A friend of mine has lived in Beijing for over a decade now. He has a story that goes something like this:
He had a career in China and was doing a certain thing. He then switched from that career to being a musician. A massive departure, but he did it. After becoming a musician he found that he mostly worked at night and thought it might be nice to get another degree.
Party officials called him in, "I see here you're trying to go to college."
"But you are not a student."
"Well, I would be if I were in university."
"But you are not a student, you are a musician."
My friend was silent.
"We know you are a musician."
So he did not go to University in Beijing. His insight was that in China people had a title, and that was what they were. This is why, when you meet high ranking party officials, they always have a lot of titles. Only special people can have more than one title. You cannot be a multifaceted prole.
But this is not unique to totalitarian regimes. We do this to each other all the time. If I say I'm pro-choice, I get labeled as a screaming liberal. If I say I'm in favor of a flat tax, I'm a right wing nut job. If I say I'm both, people's brains leak out of their ears and they get mad at me. "You made my brains leak!"
In our on-going conversation, Trish said:
This is what I meant as person vs. personna. a blog can never contain the totality of an individual. Case in point: I have kept my theological background out of my profile up until today. I have, up to this point, felt it a detriment because, let's face it, theology ain't the hippest subject to have a background in...and I get tired of telling people that I'm not The Church Lady finding Satan under every bad haircut. (Then again, maybe they can figure that out from the hat.) ((J note .. I included picture to provide hat context)).

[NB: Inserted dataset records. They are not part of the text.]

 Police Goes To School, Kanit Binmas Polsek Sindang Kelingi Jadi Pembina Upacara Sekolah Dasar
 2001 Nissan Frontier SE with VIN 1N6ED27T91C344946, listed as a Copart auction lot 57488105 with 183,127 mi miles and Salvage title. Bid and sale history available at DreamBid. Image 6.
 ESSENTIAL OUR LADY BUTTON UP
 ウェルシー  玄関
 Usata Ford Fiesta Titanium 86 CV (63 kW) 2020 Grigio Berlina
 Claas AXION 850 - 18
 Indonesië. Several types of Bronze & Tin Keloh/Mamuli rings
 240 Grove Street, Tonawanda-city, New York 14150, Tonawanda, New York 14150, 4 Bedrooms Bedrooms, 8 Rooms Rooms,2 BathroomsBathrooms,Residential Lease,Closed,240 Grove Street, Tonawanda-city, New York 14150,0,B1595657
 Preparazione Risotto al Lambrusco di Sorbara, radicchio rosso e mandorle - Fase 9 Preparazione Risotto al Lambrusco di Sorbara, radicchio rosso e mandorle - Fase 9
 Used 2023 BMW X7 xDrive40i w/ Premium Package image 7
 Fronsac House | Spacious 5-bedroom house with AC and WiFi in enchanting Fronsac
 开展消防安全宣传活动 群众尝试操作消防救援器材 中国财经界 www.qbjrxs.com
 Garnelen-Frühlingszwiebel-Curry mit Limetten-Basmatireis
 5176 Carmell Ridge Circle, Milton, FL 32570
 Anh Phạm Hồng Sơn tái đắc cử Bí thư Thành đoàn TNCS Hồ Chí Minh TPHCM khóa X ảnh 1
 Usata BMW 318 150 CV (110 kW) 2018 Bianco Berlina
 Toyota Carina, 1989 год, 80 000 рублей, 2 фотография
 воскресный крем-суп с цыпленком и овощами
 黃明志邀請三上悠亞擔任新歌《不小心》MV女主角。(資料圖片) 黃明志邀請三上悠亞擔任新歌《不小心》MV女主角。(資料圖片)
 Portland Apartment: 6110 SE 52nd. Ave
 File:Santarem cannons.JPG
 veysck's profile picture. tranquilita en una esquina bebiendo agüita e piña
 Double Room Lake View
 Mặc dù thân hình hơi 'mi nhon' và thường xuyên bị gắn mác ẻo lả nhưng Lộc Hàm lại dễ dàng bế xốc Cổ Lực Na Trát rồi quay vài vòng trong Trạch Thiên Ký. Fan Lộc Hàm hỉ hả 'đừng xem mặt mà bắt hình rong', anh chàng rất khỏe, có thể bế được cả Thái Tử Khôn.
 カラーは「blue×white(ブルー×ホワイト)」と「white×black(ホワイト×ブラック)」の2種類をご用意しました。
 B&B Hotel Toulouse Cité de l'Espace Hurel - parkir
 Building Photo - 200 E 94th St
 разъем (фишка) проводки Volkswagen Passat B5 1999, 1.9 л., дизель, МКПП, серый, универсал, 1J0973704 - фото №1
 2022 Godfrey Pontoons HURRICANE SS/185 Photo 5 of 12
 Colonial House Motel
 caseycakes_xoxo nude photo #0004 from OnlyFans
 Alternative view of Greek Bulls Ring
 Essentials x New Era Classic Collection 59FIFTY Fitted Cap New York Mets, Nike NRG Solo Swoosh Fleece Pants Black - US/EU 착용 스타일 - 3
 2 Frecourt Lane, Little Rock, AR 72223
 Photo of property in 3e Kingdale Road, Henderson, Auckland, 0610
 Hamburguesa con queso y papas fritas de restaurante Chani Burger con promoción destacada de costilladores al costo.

Indeed, and I try not to say anything overtly political here. This is because everything does happen in context. Our identities happen in context. Perhaps we have a variety of identities ... that are specific to the contexts in which they happen. We have some core values that we won't violate and we do maintain our individuality in each location. But unnecessary information derails conversations.
She later says:
It makes me wonder though when the whole conversation about community (globally speaking here) in the blogosphere, and finding like minds in the blogosphere via refined metrics, got boiled down to who's doing the advertising and the need for ethical advertising? When does the concept of "community" become predominately associated with consumerism rather than with making it easier to find others conversing--not pontificating--about topics of personal interest not connected to the latest and greates in entertainment and politics.
Maybe it's just the unhip theologian in me that has trouble with being reduced to a marketing cohort before I can find community.
Nicely put. And a good place where this conversation shows its relevance to linklove and identity. In order to find communities, we need to be able to recognize some community indicators that are meaningful to us. We need to be able to find on-going conversations and communities that we can add to, be informed by and participate in.
We don't want to merely be fodder for banal advertising executives who look on us as consumer buckets into which they can pour their prattle. But we do want to be visible enough to attract more thought-mates. People with whom we can converse and grow and debate.
The linklove desire is to see what tools we can bring to the table that can search out community indicators and discard the adverblogs.